On Friday April 13, 2018 the New York Times and several other media outlets reported that the NFL has asked a federal judge to appoint a special investigator to probe what it describes as a widespread fraud that has resulted in hundreds of millions of dollars in false claims to a fund meant to compensate former players for head injuries.

Attorney Brad Karp, whose firm represents the NFL said that "Fraud threatens the integrity of the settlement and the prompt payment of legitimate claims. There is significant evidence of fraudulent claims being advanced by unscrupulous doctors, lawyers and even players. The appointment of a special investigator was specifically contemplated in the agreement and will provide important additional tools to assist the independent, court-appointed administrators in identifying fraudulent claims and related misconduct."

Christopher Seeger, the lead attorney for the players, said "We have previously expressed concerns about potentially fraudulent claims and agree the appointment of a special investigator is appropriate. However, we will not allow this small number of claims to be used as an excuse by the NFL to deny payment to legitimately injured former players. Unlike other NFL benefits programs, this settlement is overseen by the court, and the League cannot escape its responsibility. We will make sure that former NFL players and their families receive every benefit they are entitled to under this agreement."

As a former NFL player, I want to see that every player who has received a legitimate diagnosis of ALS, Parkinson’s, Alzheimer’s, Level 1.5 and Level 2 cognitive impairment receives a monetary award. At the same time, I think it’s important to prevent fraud and make sure that everyone - especially lawyers representing players and doctors diagnosing players - are playing by the rules.

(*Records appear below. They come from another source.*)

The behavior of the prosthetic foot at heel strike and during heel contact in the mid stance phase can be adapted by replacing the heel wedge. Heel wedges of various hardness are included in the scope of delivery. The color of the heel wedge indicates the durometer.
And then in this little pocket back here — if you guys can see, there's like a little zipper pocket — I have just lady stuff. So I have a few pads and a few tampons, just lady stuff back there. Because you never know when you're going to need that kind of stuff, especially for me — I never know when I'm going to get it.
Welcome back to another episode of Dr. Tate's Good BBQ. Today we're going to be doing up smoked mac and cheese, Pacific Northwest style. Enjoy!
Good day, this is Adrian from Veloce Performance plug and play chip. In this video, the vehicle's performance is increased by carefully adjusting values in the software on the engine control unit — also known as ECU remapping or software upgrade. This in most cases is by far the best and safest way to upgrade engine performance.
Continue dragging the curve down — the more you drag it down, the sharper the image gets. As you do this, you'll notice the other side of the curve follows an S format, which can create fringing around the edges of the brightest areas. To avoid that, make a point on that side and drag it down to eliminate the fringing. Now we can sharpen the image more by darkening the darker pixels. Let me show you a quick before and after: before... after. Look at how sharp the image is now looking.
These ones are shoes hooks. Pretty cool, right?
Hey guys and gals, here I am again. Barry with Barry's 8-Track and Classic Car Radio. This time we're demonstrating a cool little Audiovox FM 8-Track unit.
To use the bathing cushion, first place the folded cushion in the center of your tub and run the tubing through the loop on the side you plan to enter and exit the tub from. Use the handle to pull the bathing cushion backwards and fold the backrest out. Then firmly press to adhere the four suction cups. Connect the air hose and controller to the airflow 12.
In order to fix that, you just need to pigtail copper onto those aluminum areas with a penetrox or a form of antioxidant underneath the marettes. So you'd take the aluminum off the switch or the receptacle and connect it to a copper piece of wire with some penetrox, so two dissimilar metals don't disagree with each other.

A motion was recently filed by a group of four (4) law firms known as NCFL “Neurocognitive Football Lawyers” to prohibit the Claims Administrator from interviewing physicians who have diagnosed the former players they represent. The Claims Administrator's response to their motion gives us a glimpse into why they are auditing some claims more than others.

The Claims Administrator said “We must contact doctors who are the subject of our Audits to ask questions during our investigations. Otherwise we have no way to assess the doctor’s methodology and the accuracy and reliability of a diagnosis to determine whether the doctor engaged in misrepresentation, omission, or concealment, or perhaps was misled by a lawyer, the player, or someone else as to the player’s true condition. We may need to ask general questions of the doctors, player-specific questions regarding medical histories or diagnoses, or both.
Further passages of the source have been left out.